The preclinical pharmacology of mephedrone; not just MDMA by another name

Abstract

The substituted β-keto amphetamine mephedrone (4-methylmethcathinone) was banned in the UK in April 2010 but continues to be used recreationally in the UK and elsewhere. Users have compared its psychoactive effects to those of 3,4-methylenedioxymethamphetamine (MDMA, 'ecstasy'). This review critically examines the preclinical data on mephedrone that have appeared over the last 2-3 years and, where relevant, compares the pharmacological effects of mephedrone in experimental animals with those obtained following MDMA administration. Both mephedrone and MDMA enhance locomotor activity and change rectal temperature in rodents. However, both of these responses are of short duration following mephedrone compared with MDMA probably because mephedrone has a short plasma half-life and rapid metabolism. Mephedrone appears to have no pharmacologically active metabolites, unlike MDMA. There is also little evidence that mephedrone induces a neurotoxic decrease in monoamine concentration in rat or mouse brain, again in contrast to MDMA. Mephedrone and MDMA both induce release of dopamine and 5-HT in the brain as shown by in vivo and in vitro studies. The effect on 5-HT release in vivo is more marked with mephedrone even though both drugs have similar affinity for the dopamine and 5-HT transporters in vitro. The profile of action of mephedrone on monoamine receptors and transporters suggests it could have a high abuse liability and several studies have found that mephedrone supports self-administration at a higher rate than MDMA. Overall, current data suggest that mephedrone not only differs from MDMA in its pharmacological profile, behavioural and neurotoxic effects, but also differs from other cathinones.
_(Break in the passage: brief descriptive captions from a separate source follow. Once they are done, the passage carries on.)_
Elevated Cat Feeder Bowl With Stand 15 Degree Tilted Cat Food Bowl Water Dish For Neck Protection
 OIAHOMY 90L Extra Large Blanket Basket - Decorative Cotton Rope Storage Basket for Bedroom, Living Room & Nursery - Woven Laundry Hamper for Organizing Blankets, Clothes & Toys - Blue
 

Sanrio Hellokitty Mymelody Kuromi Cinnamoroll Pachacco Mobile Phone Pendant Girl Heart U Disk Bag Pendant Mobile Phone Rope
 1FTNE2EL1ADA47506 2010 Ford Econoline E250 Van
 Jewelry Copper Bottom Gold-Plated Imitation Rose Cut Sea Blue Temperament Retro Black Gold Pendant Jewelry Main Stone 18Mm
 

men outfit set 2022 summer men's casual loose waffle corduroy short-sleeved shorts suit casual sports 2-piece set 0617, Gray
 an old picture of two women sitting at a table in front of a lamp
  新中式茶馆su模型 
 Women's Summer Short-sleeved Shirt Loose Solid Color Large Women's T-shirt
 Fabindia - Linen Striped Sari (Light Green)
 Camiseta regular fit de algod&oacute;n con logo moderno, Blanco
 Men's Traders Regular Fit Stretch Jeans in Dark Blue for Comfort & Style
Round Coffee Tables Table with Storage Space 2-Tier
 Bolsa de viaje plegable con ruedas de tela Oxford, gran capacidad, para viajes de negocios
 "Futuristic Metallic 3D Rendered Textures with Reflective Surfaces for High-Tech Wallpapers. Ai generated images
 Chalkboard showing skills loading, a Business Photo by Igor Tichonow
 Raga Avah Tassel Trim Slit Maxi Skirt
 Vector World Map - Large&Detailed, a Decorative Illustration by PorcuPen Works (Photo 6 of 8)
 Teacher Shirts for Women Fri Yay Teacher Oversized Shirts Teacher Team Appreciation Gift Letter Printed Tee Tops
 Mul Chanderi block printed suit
Keywords: 5-hydroxytryptamine; MDMA; body temperature; cathinones; dopamine; drug metabolism; locomotion; mephedrone.

Figure 1

Structure of mephedrone and other β-keto amphetamines (cathinones) and their related amphetamine congeners.

Figure 2

The major metabolites of mephedrone and proposed pathways of their formation. [Reproduced from Dybdal-Hargreaves et al. (2013) with permission from Elsevier Press].

Figure 3

Locomotor response of individually housed male Lister-hooded rats following various doses of (±)-mephedrone HCl (4, 10 and 30 mg·kg⁻¹ i.p.) administered at time 0. Rats were habituated to the test arena for 60 min prior to injection. Data are shown as mean ± SEM infrared beam breaks in each 5 min bin. Mephedrone-treated groups different from control group (P < 0.01 or better) as follows: mephedrone (4 mg·kg⁻¹) at 10 min; mephedrone (10 mg·kg⁻¹) from 10 to 45 min; and mephedrone (30 mg·kg⁻¹) from 10 to 55 min.

Figure 4

Locomotor response of individually housed rats following the first and fifth doses of (±)-mephedrone HCl (10 mg·kg⁻¹) or (±)-MDMA HCl (5 mg·kg⁻¹), doses being given on 2 consecutive days on weeks 1 and 2, and the final dose 1 further week later. Rats were habituated to the test arena for 60 min prior to injection. Data are shown as mean ± SEM infrared beam breaks in each 5 min bin. Total beam breaks are first dose: saline 534 ± 74, mephedrone 1695 ± 300*, MDMA 1447 ± 181*; fifth dose: saline 467 ± 74, mephedrone 2742 ± 213*^†, MDMA 2629 ± 319*^†. *Compared with the respective dose of the saline injection; ^†P < 0.001 compared with the first dose of the same drug challenge injection.

Figure 5

Effect of MDMA and mephedrone on rectal temperature in individually housed male Lister-hooded rats (n = 5–6 per group). Compounds (4 or 10 mg·kg⁻¹ HCl salt) or saline vehicle (1 mL·kg⁻¹) were injected i.p. at 0 min and temperature assessed at 20 min intervals for the next 2 h. Data are shown as change in temperature (°C, mean ± SEM) from the baseline reading taken at the time of injection. [Reproduced from data presented in Shortall et al. (2013a)].